INFORMATION SHOWN:
++++

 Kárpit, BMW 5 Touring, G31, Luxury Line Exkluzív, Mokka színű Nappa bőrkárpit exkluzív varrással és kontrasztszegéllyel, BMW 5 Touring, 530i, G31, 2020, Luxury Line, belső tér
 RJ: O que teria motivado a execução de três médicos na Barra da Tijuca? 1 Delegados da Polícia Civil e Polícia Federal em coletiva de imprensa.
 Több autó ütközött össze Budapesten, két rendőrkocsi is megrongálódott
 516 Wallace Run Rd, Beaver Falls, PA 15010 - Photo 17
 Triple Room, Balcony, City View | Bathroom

++++

DESCRIPTION OF THE TASK:
Return all of the entries exactly as written.

SOLUTION TO THIS TASK:
 Kárpit, BMW 5 Touring, G31, Luxury Line Exkluzív, Mokka színű Nappa bőrkárpit exkluzív varrással és kontrasztszegéllyel, BMW 5 Touring, 530i, G31, 2020, Luxury Line, belső tér
 RJ: O que teria motivado a execução de três médicos na Barra da Tijuca? 1 Delegados da Polícia Civil e Polícia Federal em coletiva de imprensa.
 Több autó ütközött össze Budapesten, két rendőrkocsi is megrongálódott
 516 Wallace Run Rd, Beaver Falls, PA 15010 - Photo 17
 Triple Room, Balcony, City View | Bathroom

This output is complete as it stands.